Materials and components create new products and new markets for their own sake. Take a touch phone for example. Materials and components used in the magic phone that functions at your finger's touch are a detriment to creating a new market that pushes back existing non-touch phones. It is amazing to know that materials and components take 40% of the whole manufacturing process in terms of employment and production. We can say that the growth and competitiveness of end products largely depend on how strong materials and components are. If there is no advancement in those fields, there is no self-reliant economy. Now is the time we should review the whole spectrum related with the materials and components. Displays, cell phone devices, semiconductors, the auto and green industries, and a new growth engine are in the spectrum.
Here again we must recount what Gomuro Naoka, a prominent economic analyst, said when he derided the Korean economy in his book titled The Collapse of Korea. He criticized in this way: the structure of Korean economy is like a Kamauji repeating up and down in rivers to catch fish with its neck lashed by the owner. What he meant was this: the more Korea manufactures products, the more gain Japan gets simply because Korea has no strong materials and components industry.
In the late 1980s, Korea raked in a mountain of dollars thanks to the golden period of the Three Low Costs representing low interest, low oil prices, and a low or weak dollar. But since Korea was so dependent on importing components and materials from Japan, large portions of the revenue Korea made were destined to go into the hands of Japanese exporters. It was like Korean workers sweated under the baking sun and the fruit went to the Japanese who stayed in the shade of the trees. What a cynical epithet.
Ten years later, Omae Genichi, a world famous economist, once again harshly hit the head of the Korean materials and components industry. He said that the most important backbone propping up trade revenue is the components industry. But Korea fell far behind in it. She did not boost the industry. As a result, the whole economy still stays in mud, only watching the fluctuation of the exchange rate. When the exchange rate with dollars is high, it sighs. That is the status quo of the Korean economy.
Have we seen any change since the two cynics hit Korea? We cannot say we have changed. It is true that the dependence on Japan to some degree has grown less deep. According to statistics released by the Ministry of Knowledge Economy, the import ratio from Japan lowered from 27.4 percent in 1999 to 23.3 percent in 2008. For 20 years, the dependence ratio has dropped less than four percentage points. This means, as the two economists pointed out, that the more exports Korea produces, the more dependence it has on Japan in such fields as cell phones, displays and semiconductors.

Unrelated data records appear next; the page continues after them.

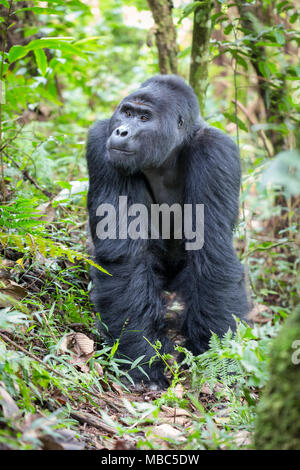 Berggorilla (Gorilla beringei beringei), Silverback, Bwindi Impenetrable Nationalpark, Uganda Stockfoto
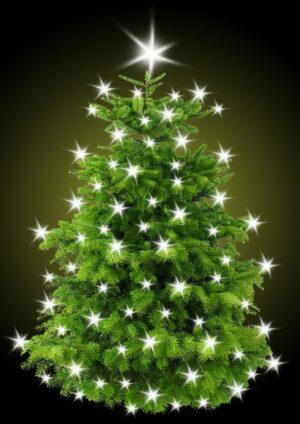 Lights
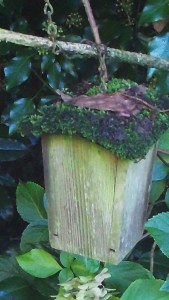 Birdhouse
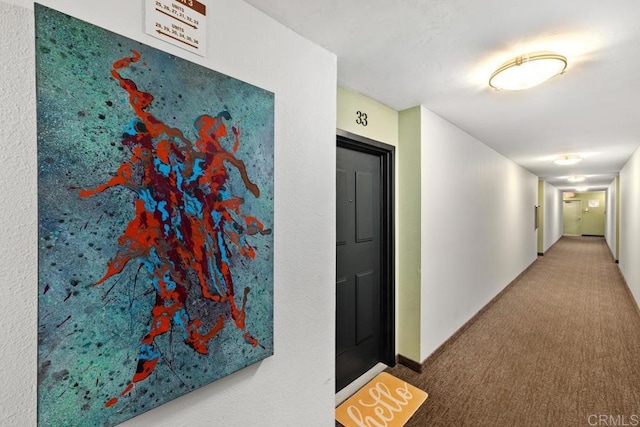 hall with carpet floors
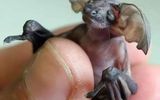 Baby Goblin Bats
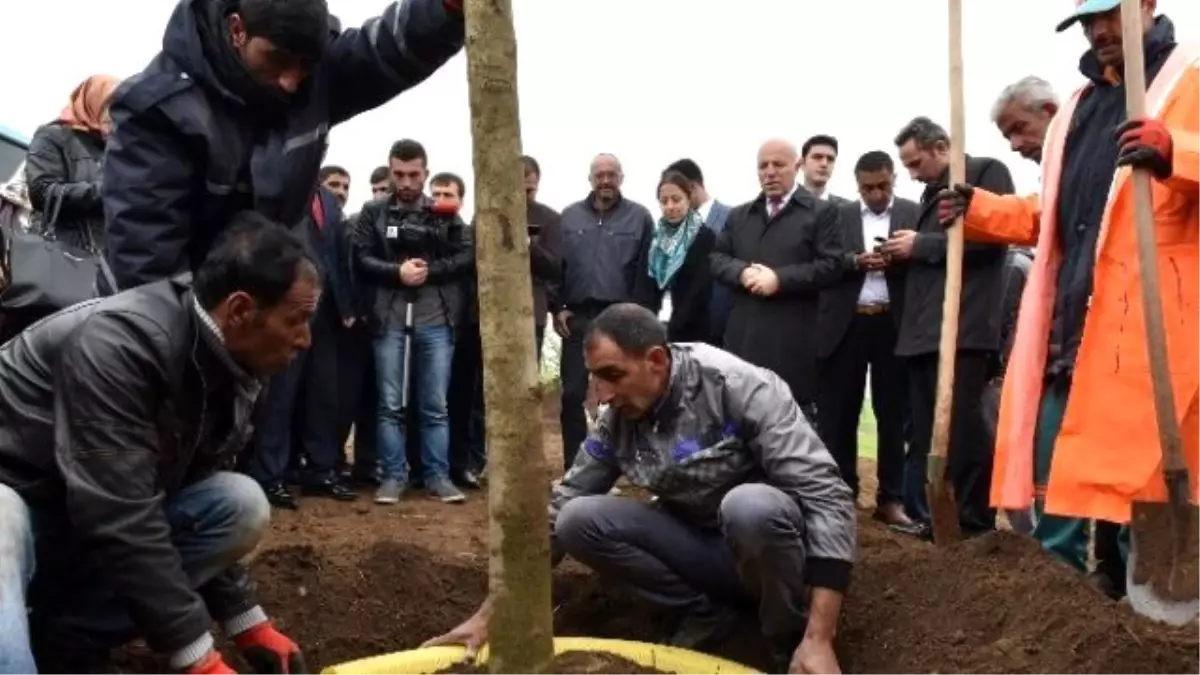 Büyükşehir, Yaz Mevsiminde 40 Bin Ağaç Dikecek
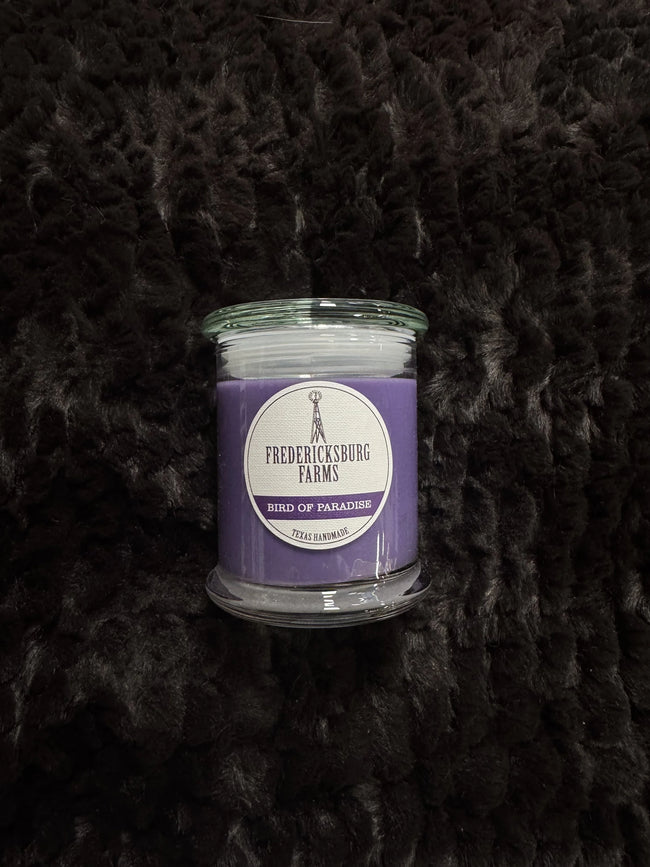 Bird of Paradise 9oz Candle - Darseys Furniture & Mattress Hover Image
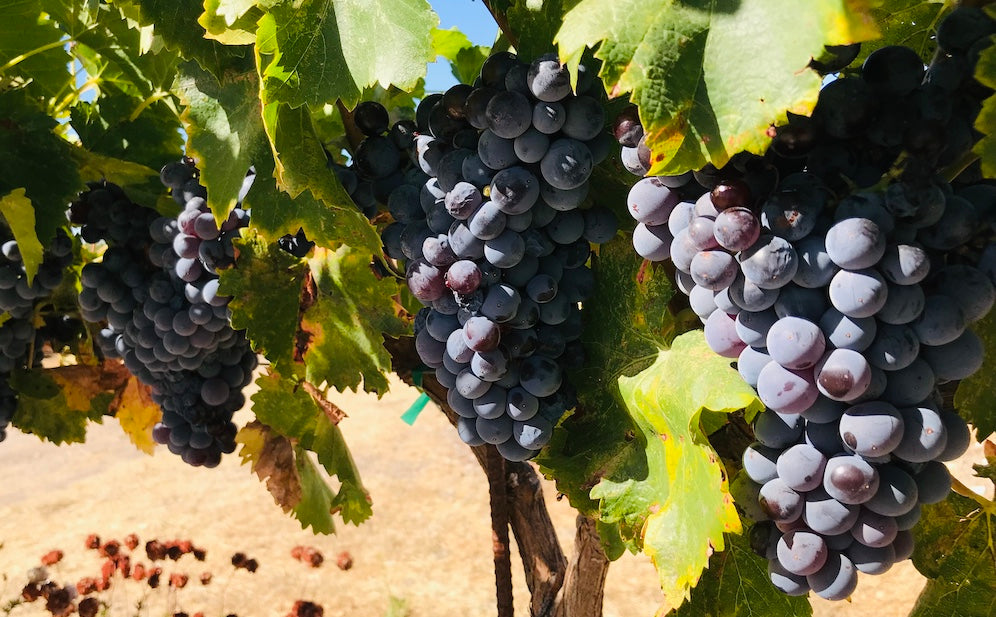 We found the ideal place to develop our vineyard. We named our farm "Al Pie del Cielo" or "At the foot of the Heavens," as it sits perched on a vast hilltop and is enveloped by the sky. Our attention was drawn toward preparation of the higher slopes of the property and the selection of appropriate root stock.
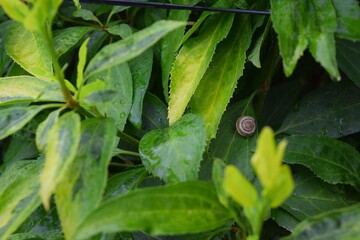 Snail on a green leaf. Close-up of a bush with lush green foliage and raindrops © LineDP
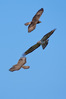 NGM32620ppg_1.jpg
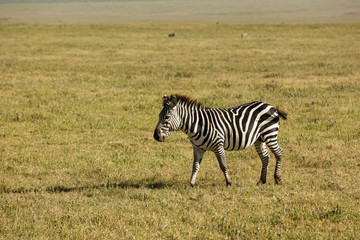 Fototapeta na wymiar Gorgeous zebra in National Parc, Africa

But entering this year, a delegation of Japanese businessmen flew to Korea to buy components and materials as the yen rose in value. They signed various contracts worth US$300 million in an exhibition held in KINTEX, Koyang City. A Japanese participant said that the quality is getting close to Japan's. He added that Korea is strong in digital and IT industries, so they can use Korean products.
Recently, as Korean IT industries led the world market, Japanese money came to Korea to look for joint ventures in components. Five hundred fifty million dollars from Japan poured into components industrial complexes in Gumi, Pohang, Busan, Jinhae, and Iksan.
Experts point out that Korea should shift its interest from hardware to components and materials to change its economic structure. Korea suffers a US$20 billion to US$30 billion trade deficit with Japan. In order to reverse it, we have to have a long-term strategy to develop new science and technologies in materials and components so that we can get new property rights. If we do not find it, we will repeatedly hear Kamauji theories. And nobody wants that.